P&O Ferries has insisted it did not break the law by sacking nearly 800 seafarers without prior consultation.
In a letter to Kwasi Kwarteng, the Business Secretary, P&O’s chief executive denied claims that it ordered taser-trained security guards to remove workers from their posts.
Peter Hebblethwaite said P&O did not commit a criminal offense by failing to notify the Secretary of State, as the relevant vessels are registered outside the UK.
The dismissed seafarers were working at three separate subsidiaries registered in Jersey.
Mr Hebblethwaite said: “Contrary to rumours, none of our people wore balaclavas nor were they directed to use handcuffs nor force.
“P&O Ferries also made all efforts to ensure, insofar as possible, that everyone received the news directly on the day of the restructure and not second hand from other affected colleagues.”

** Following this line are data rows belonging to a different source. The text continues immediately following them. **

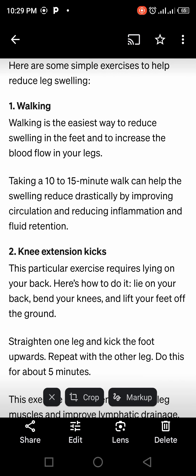Walking. Walking is the easiest way to reduce swelling in the feet and to increase blood flow in your leg. A 10 to 15 minute walk can help the swelling reduce drastically.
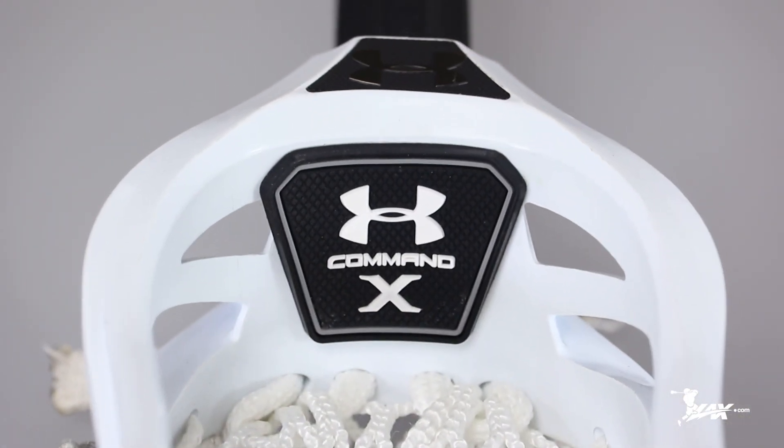Hey, what's up guys? This is Brandon, product manager here from LAX.com, and today we're going to be going over the new Under Armour Command X lacrosse set.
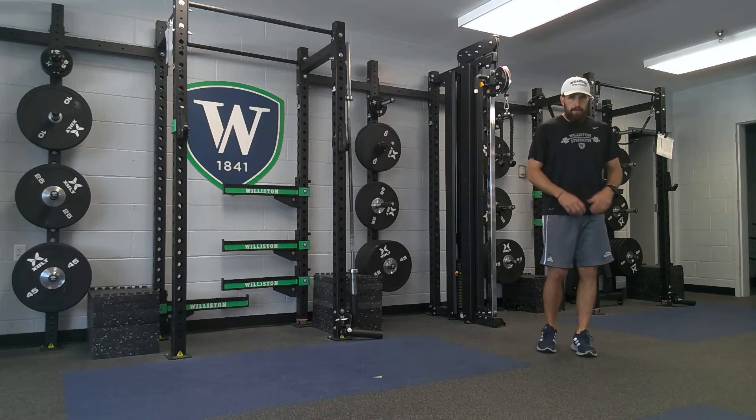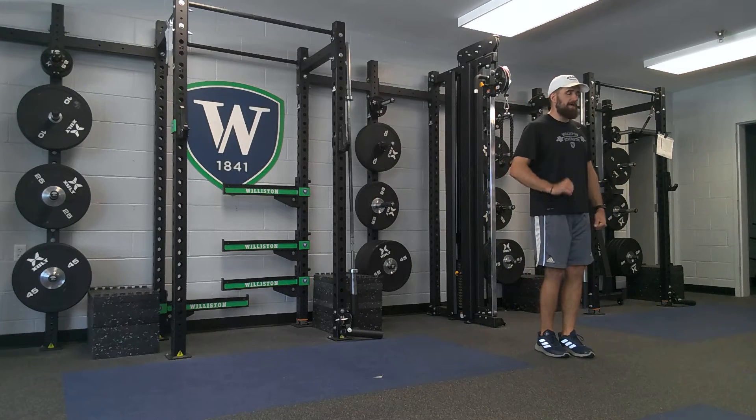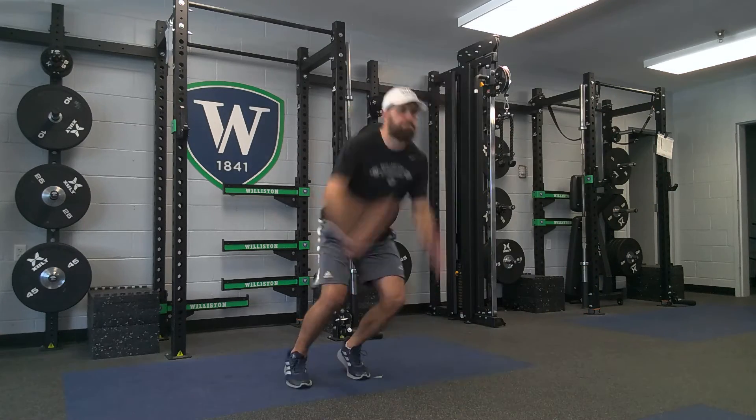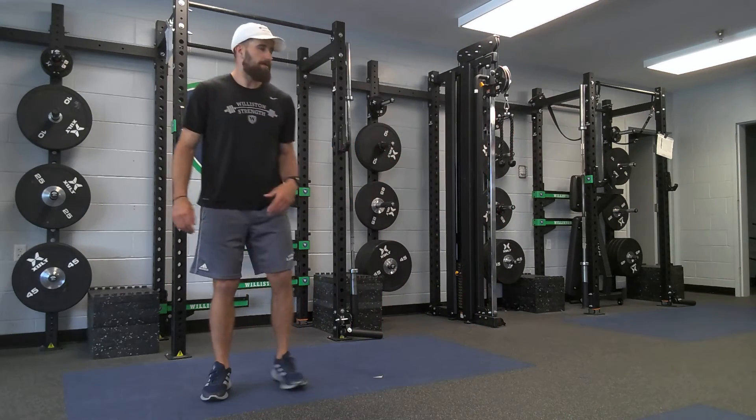Alright, so going as far as I can, landing, getting up quick. Try not to move forward like I did there — I'll go back the other way.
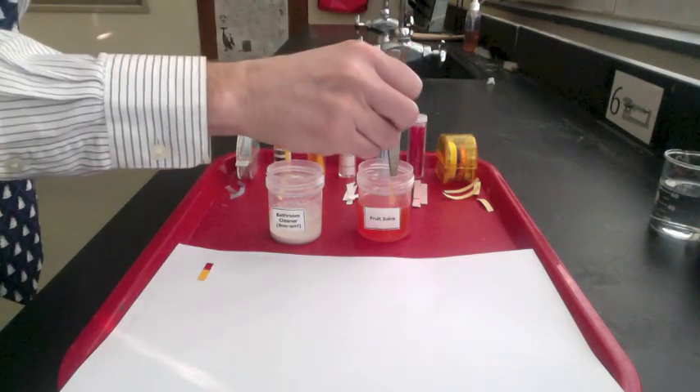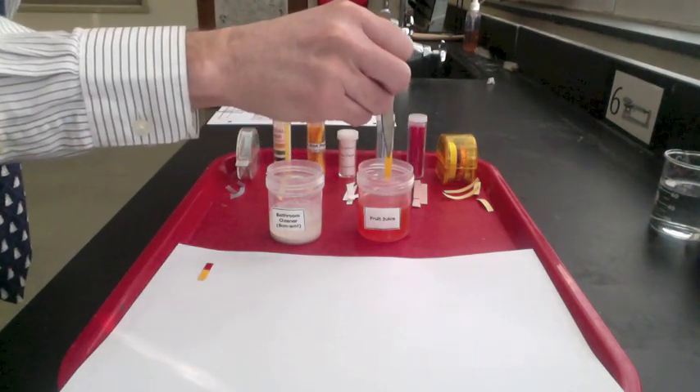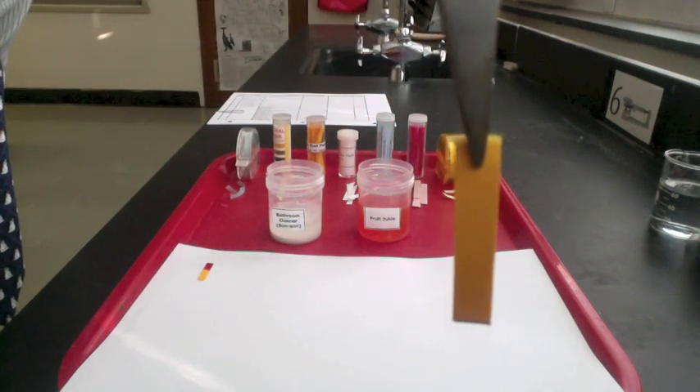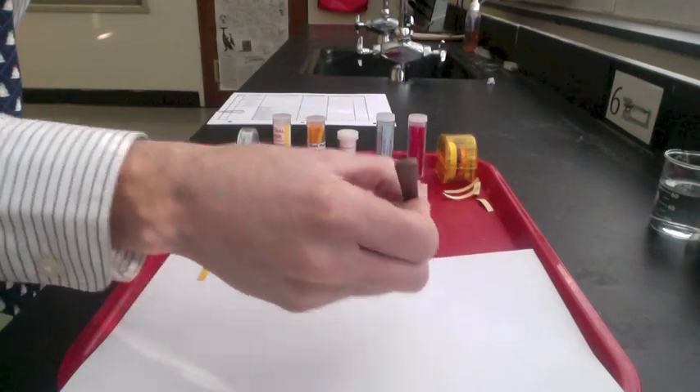Now we'll put goldenrod paper into the fruit juice. It's still gold, which means the fruit juice is either neutral or acidic.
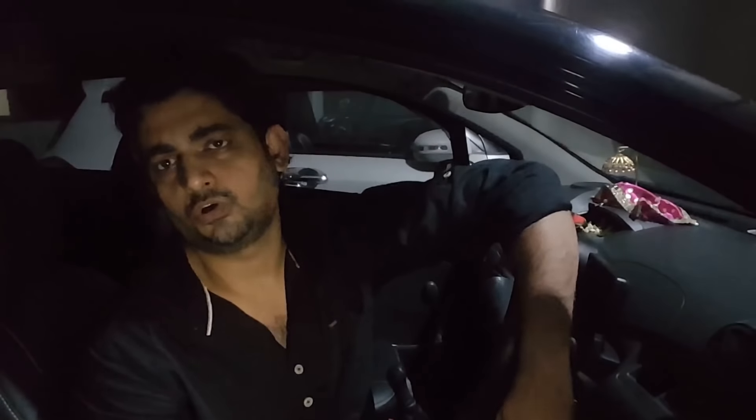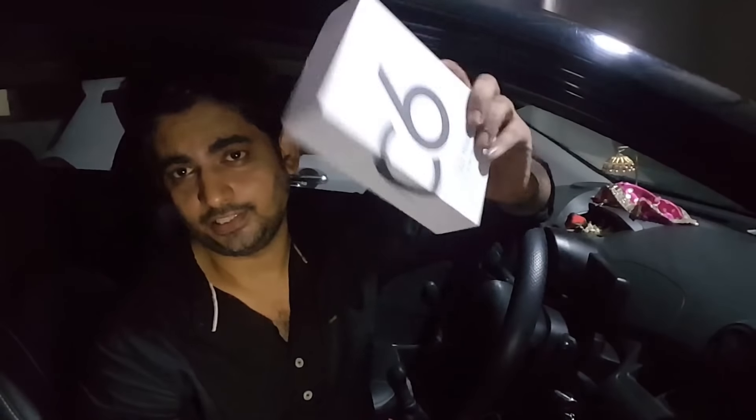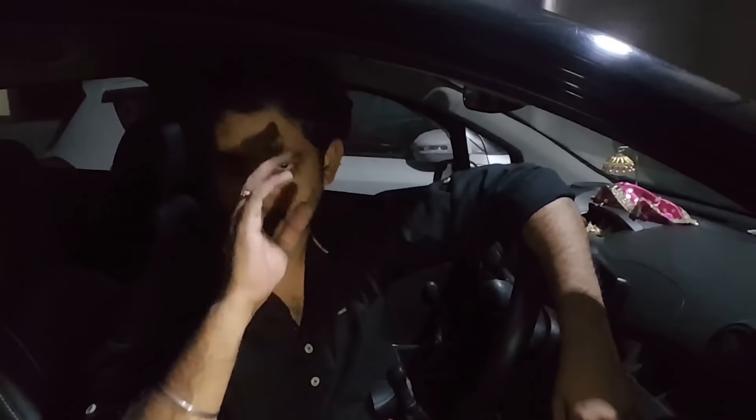Don't forget to subscribe to my channel, click the like button, and don't forget to share. And one more thing — please hit the bell button below. If you want this light for your car, I am giving the link in the description below. Bye bye.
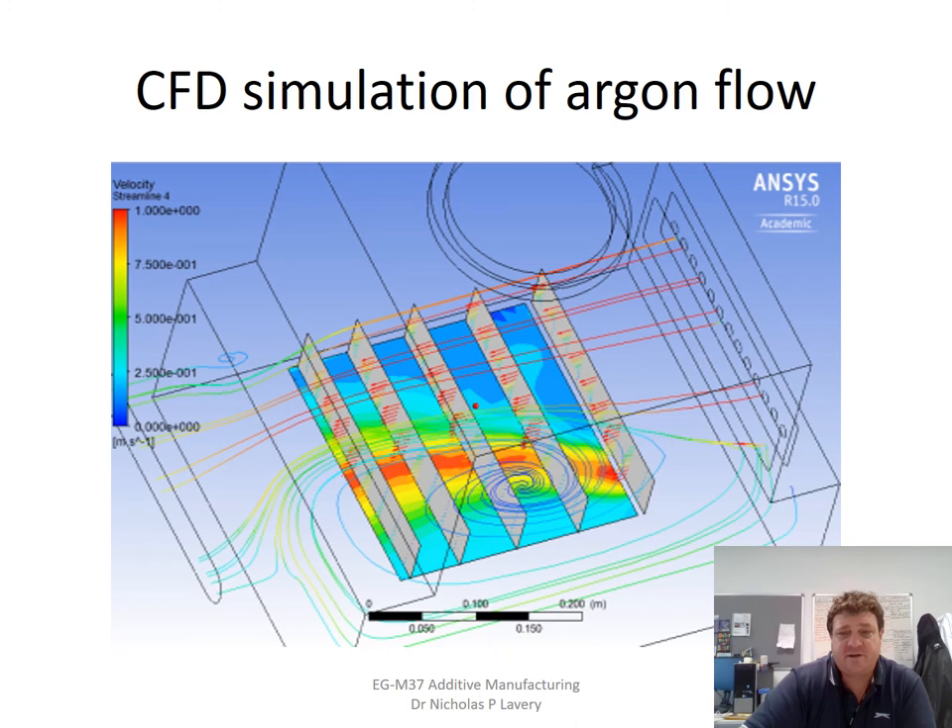A lot of work is going on here at Swansea around simulation of the gas flow through the chamber. Ideally you want a gas flow over the top surface low enough not to move the powder lying there, but high enough to sweep away unwanted condensate plumes, molten ejaculate, and spatter material — while maintaining an even cover across the bed. We've been through many different nozzle designs, and more about the simulation aspect will be covered in a later chapter.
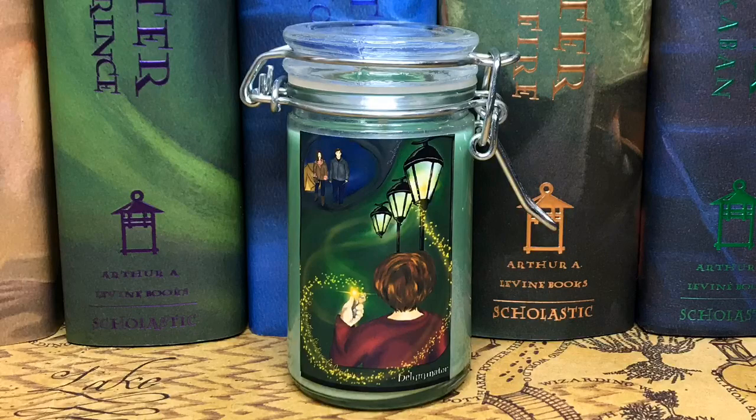Next we have what looks like a candle. It is Ron when he finally went back to Harry and Hermione, and you can see them up here in the corner. It's green with some sparkles and stars in there. It smells kind of foresty, which is perfect for this moment in the book. We do tend to get a lot of candles, but I really like the shape and the jar they chose to put this in. Such a good moment from the book.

He said that 261 people attended live virtual meetings, while those who were working on that day were told face-to-face on the vessels. Other people were told via phone, email and text. The company has argued that it needed to overhaul its workforce in order to remain a viable business.
Out of the 786 sacked employees, 575 “have taken steps to accept” the severity packages offered, he added.
Trade union Nautilus International said its “members have been put under intense pressure by P&O Ferries management to accept these redundancy terms while threatening them with withdrawal of the offer made if they talk to the press or demonstrate against the company.”
Mr Kwarteng has ordered an inquiry into reports that P&O is due to pay the new agency staff below minimum wage. The RMT union has claimed the Indian agency workers hired to replace P&O crews in Dover are being paid just £1.81 an hour. The minimum wage in the UK for people aged 23 and above is £8.91 an hour.
Mr Hebblethwaite has also been urged to appear in front of MPs on Thursday to explain why his company sacked hundreds of people before carrying out a consultation.
The dismissal of P&O workers has triggered widespread political fury and union protests. The Government has said it is examining whether the move was legal.
DP World, the Dubai owner of P&O, has also been called before MPs on the Business and Transport select committees.
Darren Jones and Huw Merriman, chairman of the respective committees, issued a joint statement calling for an explanation of the “shocking story” at P&O.
“This session will aim to understand the detail of the options available to the 800 workers who were roundly dismissed by P&O Ferries last week. The cruel nature of their dismissal put employment practices and UK plc under the microscope,” they said.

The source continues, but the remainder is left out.